Print the listing in its entirety and exactly, leaving out images.

▸ Given material
#####

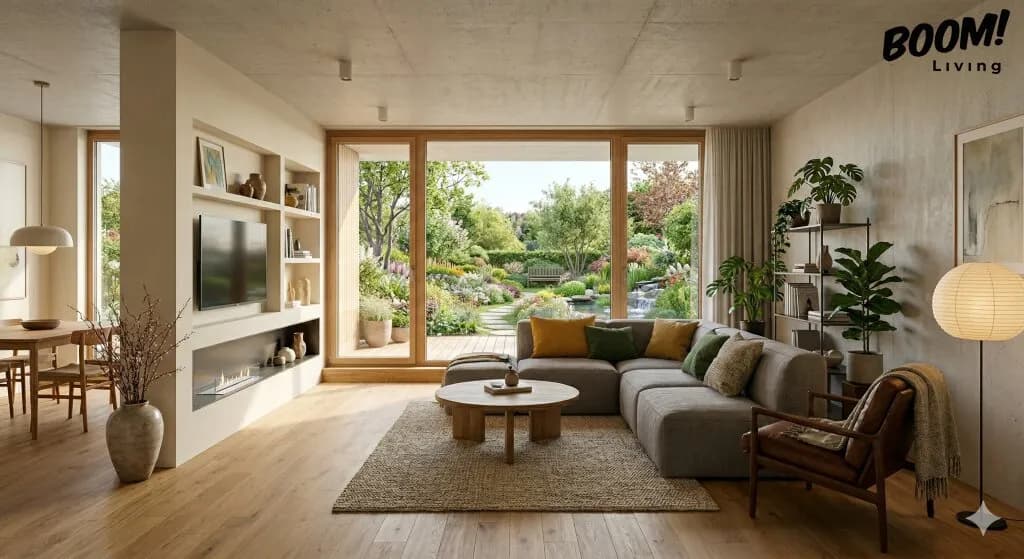 4-Zimmer-Wohnung kaufen in Wien – 95,51 m², € 595.000 – Bild 3 von 12
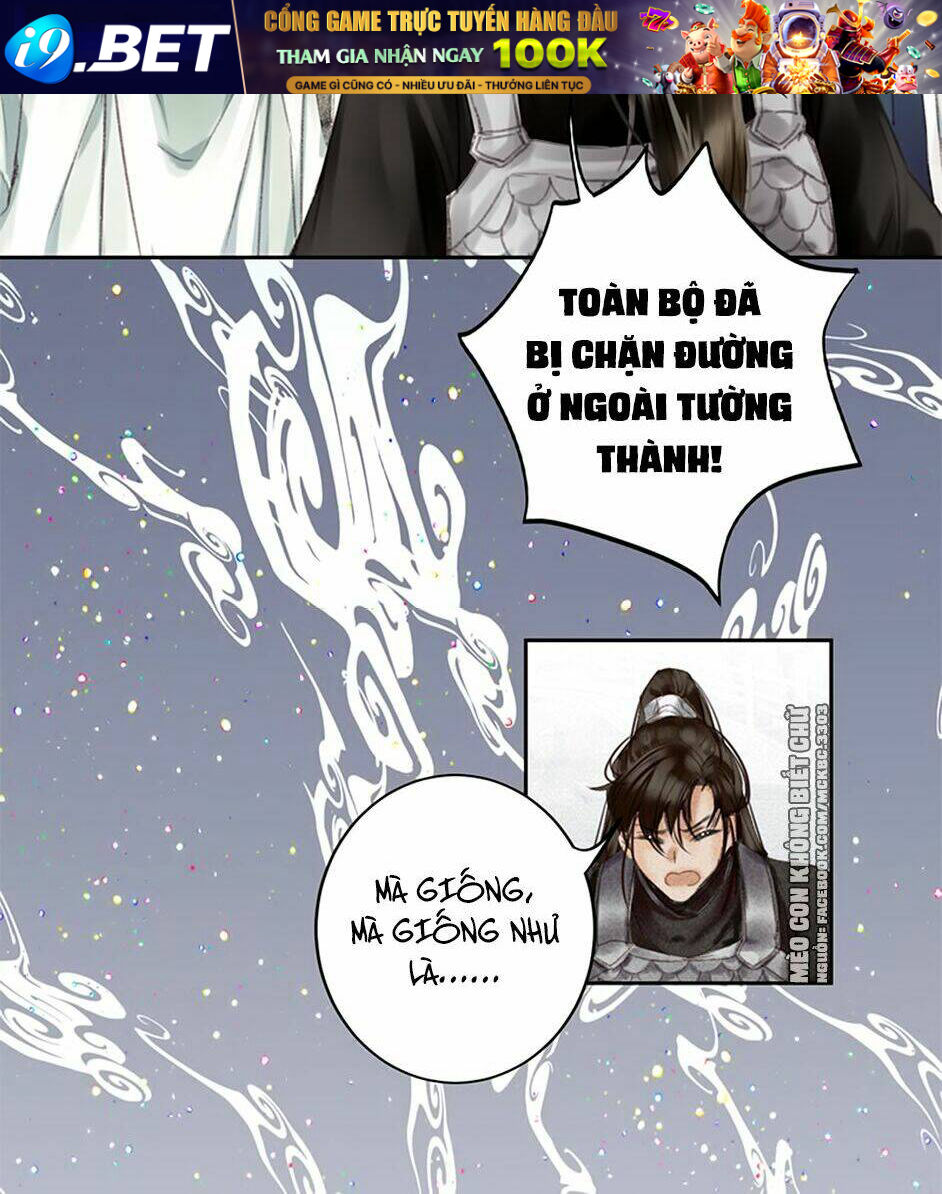 Tiếu Tạng Câu Chương 9 Ảnh 7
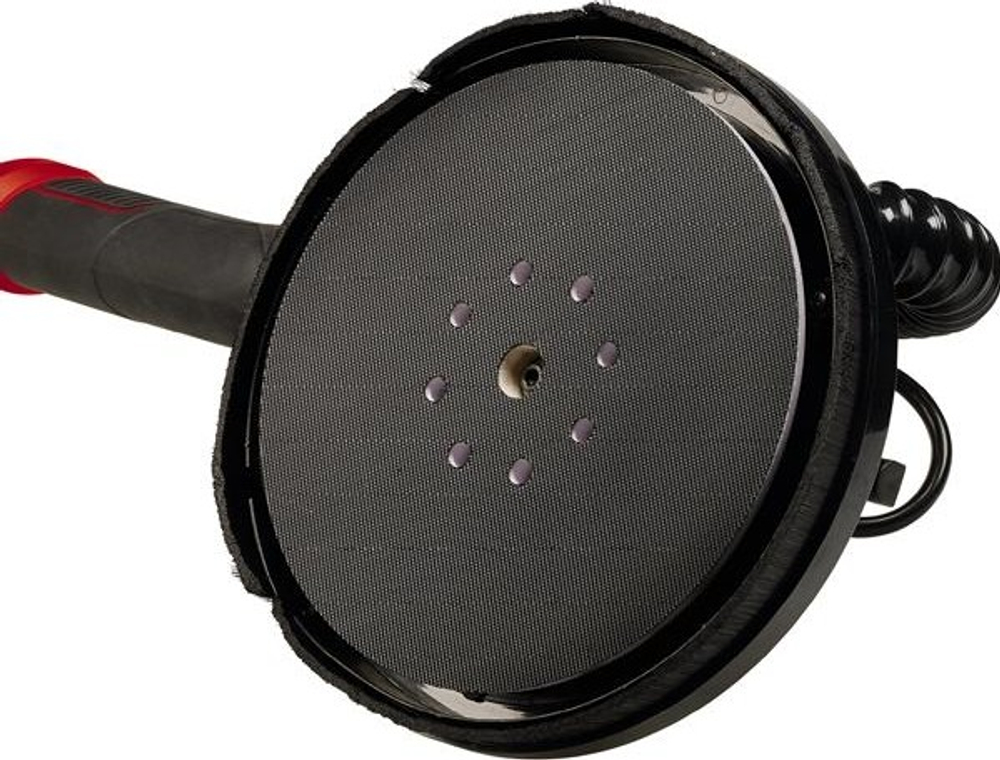 Шлифмашина эксцентриковая EINHELL TE-DW 18/225 Li-Solo для стен и потолка акк.  4259990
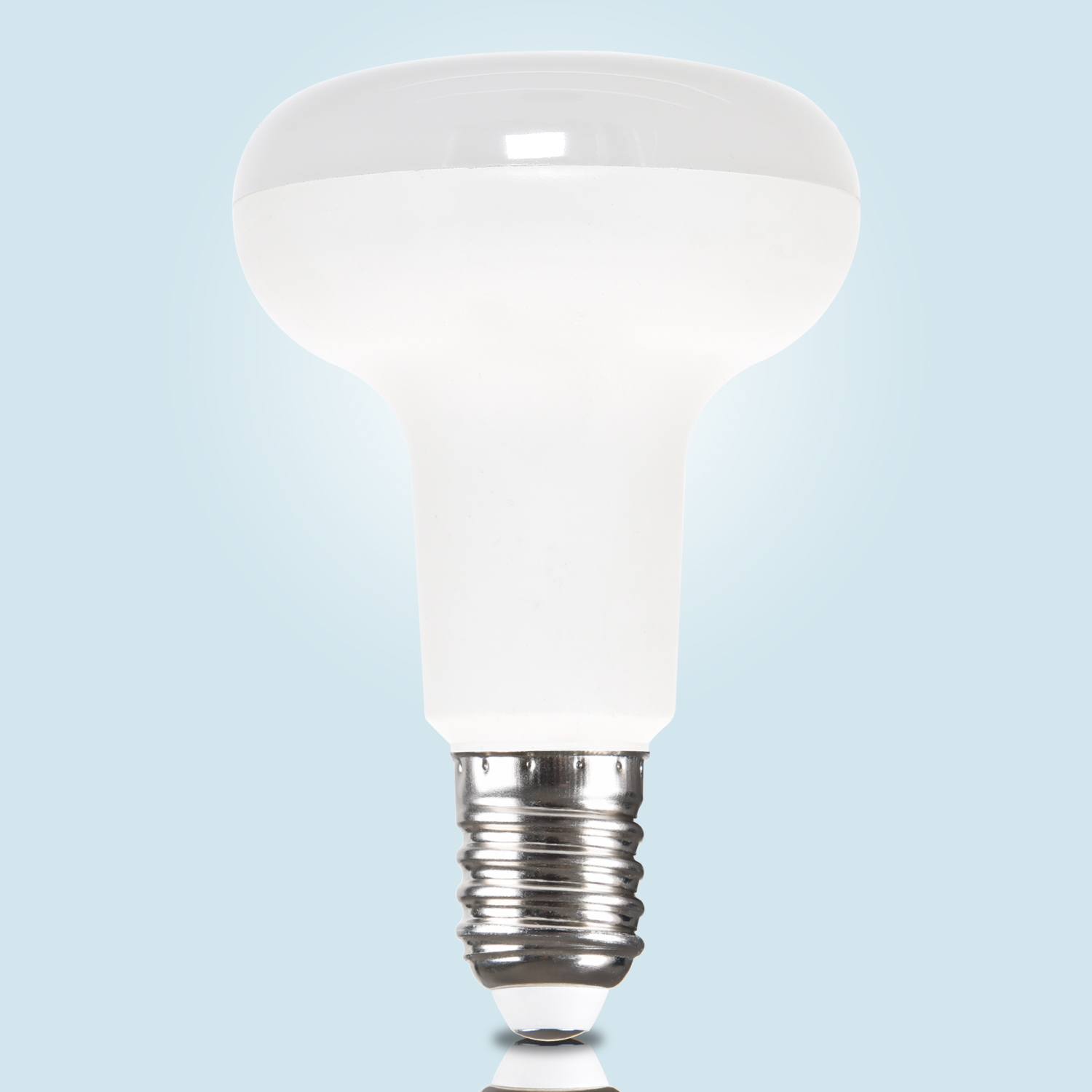 R39 shape 5W LED bulb with high quality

#####

▸ Answer to this exercise
 4-Zimmer-Wohnung kaufen in Wien – 95,51 m², € 595.000 – Bild 3 von 12
 Tiếu Tạng Câu Chương 9 Ảnh 7
 Шлифмашина эксцентриковая EINHELL TE-DW 18/225 Li-Solo для стен и потолка акк.  4259990
 R39 shape 5W LED bulb with high quality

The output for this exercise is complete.